According to the lawsuit, Colibraro was warned that Hudson was “plying adolescent males with alcohol.” The lawsuit doesn’t say who warned Colibraro or how this information came to light. While Hudson affirmed that Colibraro supervised him, he denied giving the plaintiffs what their complaint described as “copious amounts of alcohol.” 

The Diocese of Cheyenne and Our Lady of Fatima Church provided Hudson with housing on its Casper campus for conducting youth activities and services. The complaint alleges the youth minister invited minors to his home, and that he had sexually assaulted two of the plaintiffs there. Hudson denied assaulting the plaintiffs — Anthony Jacobson and Ryan Axlund — and inviting minors to his upstairs housing area, but admitted that he generally allowed youth to visit a communal area downstairs “at appropriate times.” 

The complaint also alleges that Hudson had sexually assaulted another plaintiff, James Stress, in 1996 or 1997 at a hotel during an off-campus overnight trip. Hudson, as assigned by the church’s youth ministry, was Stress’ personal counselor and taught him at Saint Anthony Tri-Parish Catholic School, according to the complaint. Hudson, however, disputed counseling or teaching Stress and denied the alleged assault. 

Wyoming doesn’t have a statute of limitations for child sexual abuse crimes, meaning criminal charges can be brought at any time, regardless of how many years may have passed since the alleged crimes.
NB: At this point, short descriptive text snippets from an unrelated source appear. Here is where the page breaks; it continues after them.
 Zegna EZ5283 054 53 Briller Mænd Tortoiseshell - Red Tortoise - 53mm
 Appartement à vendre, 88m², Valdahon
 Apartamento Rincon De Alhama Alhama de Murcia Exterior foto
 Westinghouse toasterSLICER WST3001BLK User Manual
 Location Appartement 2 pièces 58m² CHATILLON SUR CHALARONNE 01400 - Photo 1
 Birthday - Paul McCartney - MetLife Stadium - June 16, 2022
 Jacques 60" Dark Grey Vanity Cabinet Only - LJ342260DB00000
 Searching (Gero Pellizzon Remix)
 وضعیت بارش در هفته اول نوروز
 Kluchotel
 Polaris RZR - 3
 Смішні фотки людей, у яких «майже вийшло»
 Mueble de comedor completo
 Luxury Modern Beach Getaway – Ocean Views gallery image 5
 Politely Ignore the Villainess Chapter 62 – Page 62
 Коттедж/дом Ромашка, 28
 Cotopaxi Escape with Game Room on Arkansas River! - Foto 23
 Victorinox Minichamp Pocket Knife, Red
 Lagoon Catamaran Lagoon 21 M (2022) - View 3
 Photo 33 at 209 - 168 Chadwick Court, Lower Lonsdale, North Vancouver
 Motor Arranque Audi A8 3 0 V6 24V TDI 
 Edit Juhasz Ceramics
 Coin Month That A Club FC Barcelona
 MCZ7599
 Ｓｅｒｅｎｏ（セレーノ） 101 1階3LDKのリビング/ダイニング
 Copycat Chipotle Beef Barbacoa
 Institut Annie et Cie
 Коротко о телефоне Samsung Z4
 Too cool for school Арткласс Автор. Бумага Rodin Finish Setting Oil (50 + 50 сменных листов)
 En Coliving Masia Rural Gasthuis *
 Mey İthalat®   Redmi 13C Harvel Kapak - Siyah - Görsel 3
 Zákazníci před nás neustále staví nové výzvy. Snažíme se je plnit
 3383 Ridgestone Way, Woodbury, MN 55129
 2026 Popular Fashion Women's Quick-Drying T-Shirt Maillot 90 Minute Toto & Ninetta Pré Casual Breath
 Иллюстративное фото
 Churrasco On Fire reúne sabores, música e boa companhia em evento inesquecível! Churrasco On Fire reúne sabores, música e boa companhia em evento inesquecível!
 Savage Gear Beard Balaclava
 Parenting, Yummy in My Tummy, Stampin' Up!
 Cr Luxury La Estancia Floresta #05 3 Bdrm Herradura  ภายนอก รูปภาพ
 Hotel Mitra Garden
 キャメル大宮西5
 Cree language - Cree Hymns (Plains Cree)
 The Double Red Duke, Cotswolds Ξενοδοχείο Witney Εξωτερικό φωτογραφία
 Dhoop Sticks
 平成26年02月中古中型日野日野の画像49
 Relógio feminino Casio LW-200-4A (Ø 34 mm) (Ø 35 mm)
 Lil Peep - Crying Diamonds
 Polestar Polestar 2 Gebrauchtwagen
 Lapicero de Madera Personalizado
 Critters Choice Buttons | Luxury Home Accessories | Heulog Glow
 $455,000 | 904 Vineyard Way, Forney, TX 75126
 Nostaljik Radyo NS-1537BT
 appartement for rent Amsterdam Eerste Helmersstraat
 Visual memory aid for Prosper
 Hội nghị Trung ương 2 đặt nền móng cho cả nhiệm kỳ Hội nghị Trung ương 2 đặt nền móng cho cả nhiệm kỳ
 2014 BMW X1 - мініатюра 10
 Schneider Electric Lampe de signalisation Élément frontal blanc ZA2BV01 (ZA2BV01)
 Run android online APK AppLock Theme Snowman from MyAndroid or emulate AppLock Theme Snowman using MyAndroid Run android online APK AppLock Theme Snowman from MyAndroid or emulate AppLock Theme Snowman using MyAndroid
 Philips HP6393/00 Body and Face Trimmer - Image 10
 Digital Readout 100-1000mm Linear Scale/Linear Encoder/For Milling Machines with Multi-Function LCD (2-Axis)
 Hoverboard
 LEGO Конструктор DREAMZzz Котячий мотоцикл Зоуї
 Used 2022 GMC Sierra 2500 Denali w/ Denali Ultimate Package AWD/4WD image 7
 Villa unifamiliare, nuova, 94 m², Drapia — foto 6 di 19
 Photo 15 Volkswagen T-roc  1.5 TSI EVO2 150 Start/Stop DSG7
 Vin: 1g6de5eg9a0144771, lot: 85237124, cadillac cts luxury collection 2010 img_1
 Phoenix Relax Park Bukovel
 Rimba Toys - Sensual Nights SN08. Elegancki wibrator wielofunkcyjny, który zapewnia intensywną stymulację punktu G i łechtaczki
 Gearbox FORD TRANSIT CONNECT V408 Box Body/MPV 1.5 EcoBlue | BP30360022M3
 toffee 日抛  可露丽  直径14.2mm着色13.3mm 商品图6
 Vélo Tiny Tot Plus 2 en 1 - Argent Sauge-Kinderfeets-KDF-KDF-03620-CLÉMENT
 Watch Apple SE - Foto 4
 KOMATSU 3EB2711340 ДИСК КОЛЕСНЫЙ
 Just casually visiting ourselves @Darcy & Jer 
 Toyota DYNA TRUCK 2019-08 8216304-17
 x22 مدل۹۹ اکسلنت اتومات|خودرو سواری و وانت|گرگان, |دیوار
For civil litigation, like the legal case against Hudson, accusers can file a complaint within eight years after a minor turns 18, or within three years after the “discovery” of injury caused by childhood sexual abuse, whichever is later.

While he didn’t speak specifically about his clients, Dallas Laird, one of the plaintiffs’ attorneys, previously told WyoFile that sometimes people “don’t discover what happened to them until they wonder why their life has gone the way it has, and they go to therapy.” 

When contacted Thursday by WyoFile, Laird declined to comment on the defendants’ recent filings.

The lawsuit states that Jacobson and Axlund discovered in March 2024 and Stress discovered in April 2024 that Hudson had allegedly sexually assaulted them. The legal complaint does not provide additional details about those discoveries.

Hudson’s response asserts that the plaintiffs don’t “satisfy the ‘discovery rule’ exception” to Wyoming’s statute of limitations. 

Semerad said in his statement that Hudson “has faith that the truth will reveal he is innocent of the civil charges brought against him.” While the lawsuit has “upended his life and forced him out of the educational career he loved, he is praying for all involved in this matter.”

Hudson’s response demands that he be “awarded all legal fees, costs, and expenses incurred” as a result of the lawsuit. It also requests a jury trial. 

Church response

The Diocese of Cheyenne and Our Lady of Fatima Church, which have separate legal representation from Hudson, asked the court in a Wednesday filing to dismiss three of the four claims against them. One of their attorneys, Denver-based lawyer Patrick Hickey, declined Thursday to comment on the recent filings. 

The claims they seek to have dismissed include allegations that the diocese and the church were negligent in their hiring and supervision of Hudson and that they breached their “fiduciary duty” toward the plaintiffs, or their legal obligation to act solely in the plaintiffs’ interest. 

The diocese and the church disputed that such a legal obligation existed. They also point out that the plaintiffs don’t allege Hudson had a prior criminal record, history of abuse allegations or other signs that would have shown the two entities at the time of Hudson’s hire that he was unfit for employment. 

The diocese and church further assert that there’s “no evidence” suggesting they “learned more information after hiring Hudson that created a legal duty of care to terminate his employment in order to protect the public from his purported dangerous propensities.” 

The court will decide whether to grant the defendants’ requests.

Maya Shimizu Harris covers public safety for WyoFile. She was previously a freelance writer and the state politics reporter for the Casper Star-Tribune.